»»

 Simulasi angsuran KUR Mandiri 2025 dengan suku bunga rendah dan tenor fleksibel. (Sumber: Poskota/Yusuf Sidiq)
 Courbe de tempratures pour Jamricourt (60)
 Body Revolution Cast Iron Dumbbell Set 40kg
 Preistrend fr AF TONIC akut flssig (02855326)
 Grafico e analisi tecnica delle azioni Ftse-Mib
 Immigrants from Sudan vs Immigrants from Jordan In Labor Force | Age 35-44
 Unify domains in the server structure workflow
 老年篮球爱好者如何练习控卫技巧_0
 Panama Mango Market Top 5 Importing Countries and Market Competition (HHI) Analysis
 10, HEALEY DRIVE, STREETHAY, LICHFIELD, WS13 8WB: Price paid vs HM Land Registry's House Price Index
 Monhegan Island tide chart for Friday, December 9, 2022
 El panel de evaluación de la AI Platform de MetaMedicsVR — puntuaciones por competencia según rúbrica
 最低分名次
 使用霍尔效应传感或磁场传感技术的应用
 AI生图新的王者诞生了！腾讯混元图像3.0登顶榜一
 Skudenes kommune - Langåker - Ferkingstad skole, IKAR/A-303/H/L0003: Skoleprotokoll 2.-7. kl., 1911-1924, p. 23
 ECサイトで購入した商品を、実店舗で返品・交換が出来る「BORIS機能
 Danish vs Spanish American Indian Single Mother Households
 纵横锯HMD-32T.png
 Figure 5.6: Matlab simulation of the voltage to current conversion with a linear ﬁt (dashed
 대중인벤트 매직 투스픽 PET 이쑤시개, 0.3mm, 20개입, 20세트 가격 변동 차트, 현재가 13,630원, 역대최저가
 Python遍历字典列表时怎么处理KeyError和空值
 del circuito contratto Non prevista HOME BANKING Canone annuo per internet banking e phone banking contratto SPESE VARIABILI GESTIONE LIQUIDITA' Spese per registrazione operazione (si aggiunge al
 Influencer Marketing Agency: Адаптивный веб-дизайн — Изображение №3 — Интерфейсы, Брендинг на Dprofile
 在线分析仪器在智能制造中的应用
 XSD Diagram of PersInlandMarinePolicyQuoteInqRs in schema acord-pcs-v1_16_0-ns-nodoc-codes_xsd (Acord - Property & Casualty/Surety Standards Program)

««

### What you are asked to do:
Exactly as written, repeat each line from the beginning of the data above to the line containing "Grafico e analisi", inclusive.

### Exercise solution:
 Simulasi angsuran KUR Mandiri 2025 dengan suku bunga rendah dan tenor fleksibel. (Sumber: Poskota/Yusuf Sidiq)
 Courbe de tempratures pour Jamricourt (60)
 Body Revolution Cast Iron Dumbbell Set 40kg
 Preistrend fr AF TONIC akut flssig (02855326)
 Grafico e analisi tecnica delle azioni Ftse-Mib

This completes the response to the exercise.